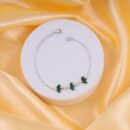 925 Sterling Silver Zircon Rhodium Charm Bracelet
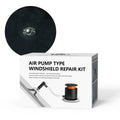 Plastic car windshield crack repair tool with UV light and 0.5 mm injector nozzle.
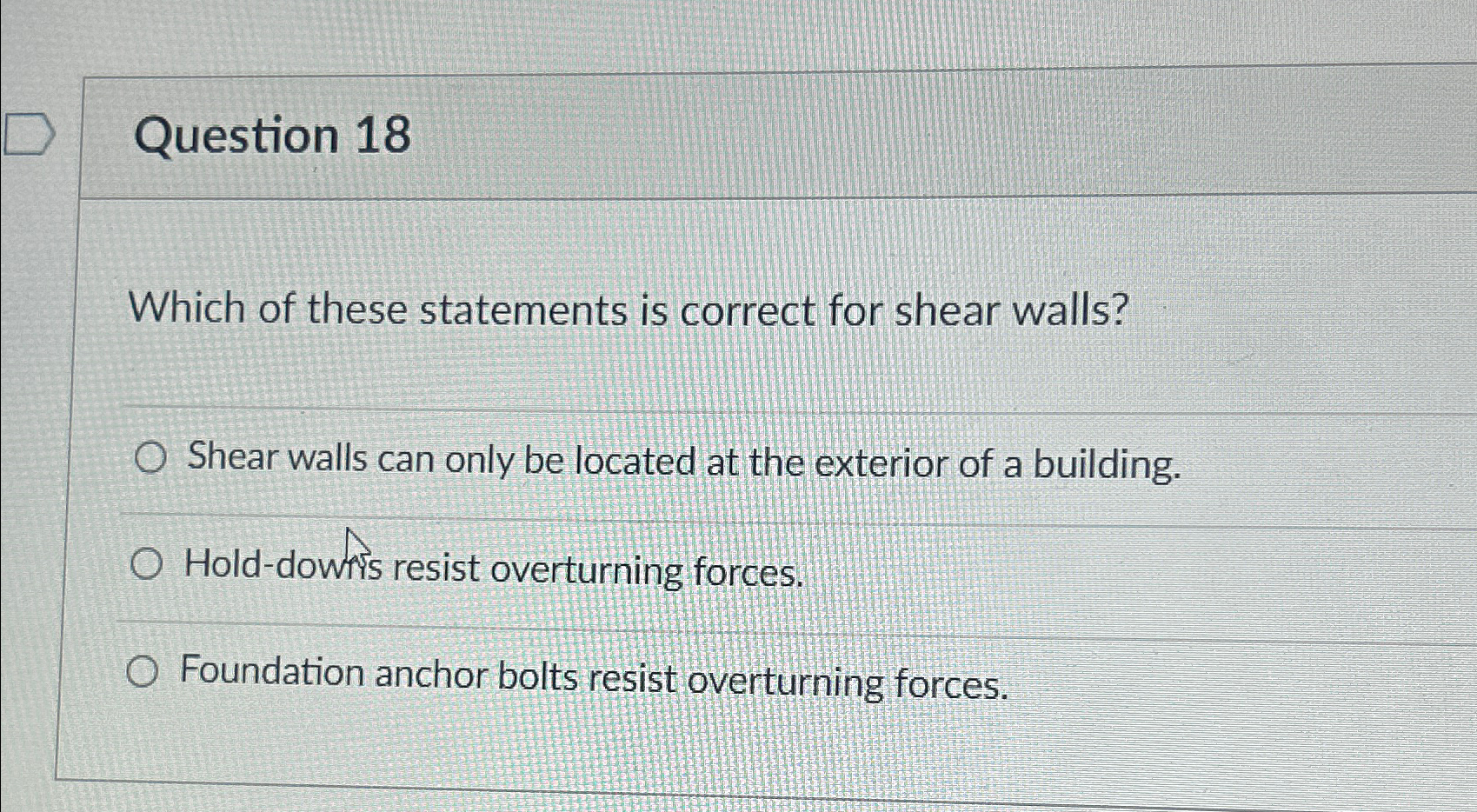 Question 1 8 Which of these statements is correct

◆ What the exercise asks: The material above is to be set down exactly, with pictures removed.

◆ Your solution:
 925 Sterling Silver Zircon Rhodium Charm Bracelet
 Plastic car windshield crack repair tool with UV light and 0.5 mm injector nozzle.
 Question 1 8 Which of these statements is correct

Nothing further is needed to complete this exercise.